I have been having some doubts. I wasn't able to obtain a refill on my script so I missed it for a few days. I then watched a documentary on schizophrenia, and they spoke about the consequences of anti-psychotic medication which spooked me a little. I have opted to stop taking my medication cold turkey due to this and a thought that has been on my mind for a while - I think I lied about all my issues. I believe the diagnosis of bipolar was given based on false information given by me - I have been known to exaggerate and whine. I have symptoms, I agree, but based on the criteria I've read I don't fit the minimum lengths of time to fit "hypomania" and "depression". The "hypomania" I get only lasts a few days, it can turn off suddenly, I've never been quite "deluded". Same with the depression, although it has lasted weeks before. I do believe I made the most of it up anyway (when confronted on my problems I conveniently freeze up and forget) because I find mental disorders fascinating and thus tried to be a special snowflake and blame my issues on something I can't "solve".

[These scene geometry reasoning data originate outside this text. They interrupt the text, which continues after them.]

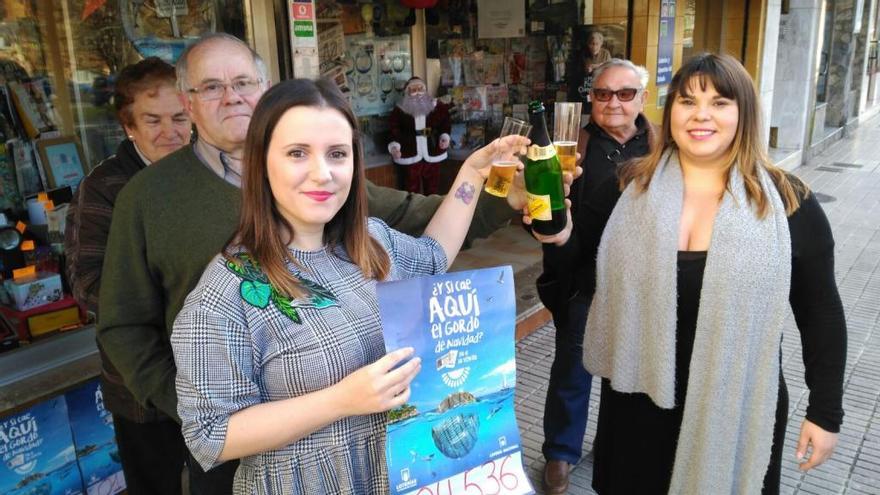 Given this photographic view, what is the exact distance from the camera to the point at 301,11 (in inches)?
179

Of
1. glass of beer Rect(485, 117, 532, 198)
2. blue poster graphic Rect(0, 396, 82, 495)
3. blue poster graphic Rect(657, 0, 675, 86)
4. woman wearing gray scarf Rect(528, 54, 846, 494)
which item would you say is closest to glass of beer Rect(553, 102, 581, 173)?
glass of beer Rect(485, 117, 532, 198)

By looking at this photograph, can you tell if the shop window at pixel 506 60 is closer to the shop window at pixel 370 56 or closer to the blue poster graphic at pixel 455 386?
the shop window at pixel 370 56

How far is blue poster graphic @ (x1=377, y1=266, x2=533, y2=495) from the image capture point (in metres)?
1.45

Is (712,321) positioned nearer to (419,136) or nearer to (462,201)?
(462,201)

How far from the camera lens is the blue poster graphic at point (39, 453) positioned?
2.87 meters

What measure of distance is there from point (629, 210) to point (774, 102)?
11.2 m

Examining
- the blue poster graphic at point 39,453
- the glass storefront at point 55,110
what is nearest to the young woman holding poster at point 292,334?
the blue poster graphic at point 39,453

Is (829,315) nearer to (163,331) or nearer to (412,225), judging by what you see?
(412,225)

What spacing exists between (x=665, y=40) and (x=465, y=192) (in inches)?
212

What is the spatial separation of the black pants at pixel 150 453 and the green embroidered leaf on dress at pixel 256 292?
1.21 m

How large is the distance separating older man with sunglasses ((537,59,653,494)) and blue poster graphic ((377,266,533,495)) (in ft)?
5.00

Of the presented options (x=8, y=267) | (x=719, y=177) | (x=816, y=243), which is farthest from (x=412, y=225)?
(x=8, y=267)

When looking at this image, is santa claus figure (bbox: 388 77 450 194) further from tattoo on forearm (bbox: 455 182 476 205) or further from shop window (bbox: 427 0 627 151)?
tattoo on forearm (bbox: 455 182 476 205)

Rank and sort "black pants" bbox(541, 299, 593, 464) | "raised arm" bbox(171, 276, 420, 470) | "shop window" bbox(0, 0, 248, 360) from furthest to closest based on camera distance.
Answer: "shop window" bbox(0, 0, 248, 360), "black pants" bbox(541, 299, 593, 464), "raised arm" bbox(171, 276, 420, 470) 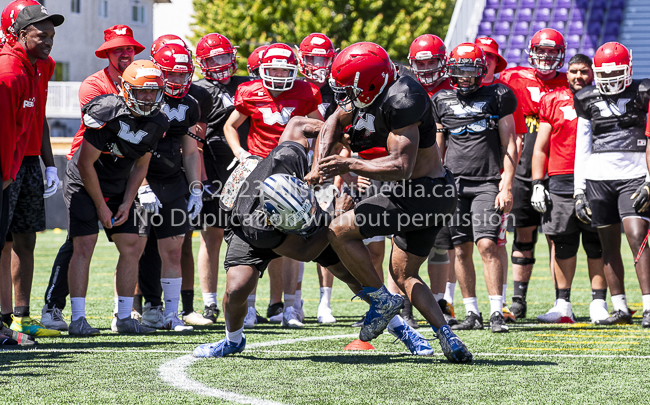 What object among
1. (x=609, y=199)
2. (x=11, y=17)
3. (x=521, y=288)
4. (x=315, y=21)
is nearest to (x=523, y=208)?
(x=521, y=288)

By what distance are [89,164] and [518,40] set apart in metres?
18.0

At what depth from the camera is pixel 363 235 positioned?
4516 mm

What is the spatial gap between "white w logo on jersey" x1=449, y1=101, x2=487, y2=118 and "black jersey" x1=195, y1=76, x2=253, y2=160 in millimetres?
1822

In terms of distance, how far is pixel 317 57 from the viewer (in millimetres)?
7176

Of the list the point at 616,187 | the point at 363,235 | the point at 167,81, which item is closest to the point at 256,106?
the point at 167,81

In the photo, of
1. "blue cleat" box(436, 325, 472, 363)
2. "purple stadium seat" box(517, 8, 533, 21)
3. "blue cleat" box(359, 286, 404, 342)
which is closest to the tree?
"purple stadium seat" box(517, 8, 533, 21)

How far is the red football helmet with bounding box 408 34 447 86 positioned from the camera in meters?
6.64

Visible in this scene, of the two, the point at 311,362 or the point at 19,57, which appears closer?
the point at 311,362

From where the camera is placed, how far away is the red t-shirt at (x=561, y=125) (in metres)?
7.00

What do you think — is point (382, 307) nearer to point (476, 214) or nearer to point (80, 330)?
point (476, 214)

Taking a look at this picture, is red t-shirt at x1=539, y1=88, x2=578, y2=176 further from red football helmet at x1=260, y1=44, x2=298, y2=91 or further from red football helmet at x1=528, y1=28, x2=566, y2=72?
red football helmet at x1=260, y1=44, x2=298, y2=91

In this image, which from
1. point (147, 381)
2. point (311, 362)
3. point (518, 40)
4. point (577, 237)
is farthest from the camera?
point (518, 40)

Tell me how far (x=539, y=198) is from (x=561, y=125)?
716 millimetres

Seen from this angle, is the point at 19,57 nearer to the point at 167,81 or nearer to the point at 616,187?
the point at 167,81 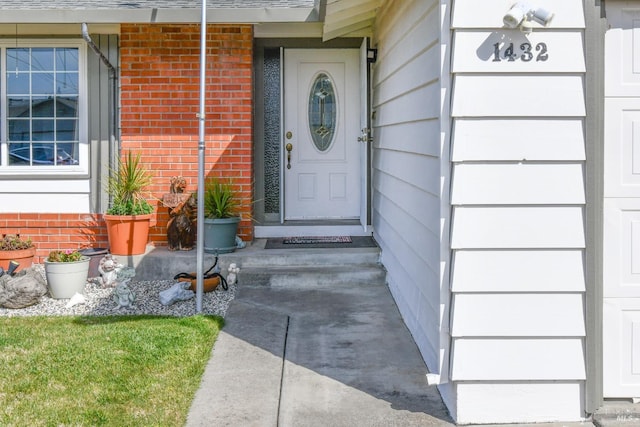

Now, the thought that persists is that I am a liar with overdramatised problems and that I am just someone who is destined to die by his own hand. It's not really an intrusive thought, just something I have been thinking a lot. I have thought a lot about suicide in detail these few days, mostly planning and the general outcome for those around me and I am quite sure it's something I want to pursue. But then I'm suddenly OK... I am confused. I go from believing all these things deeply, enough to get into arguments with my girlfriend to the point of her being brought to tears and then suddenly I can look at these thoughts (somewhat) objectively. I am not sure how it makes any sense, how can one's entire thought process change so suddenly? What possible disorders encompass this? What is the solution in terms of thought process?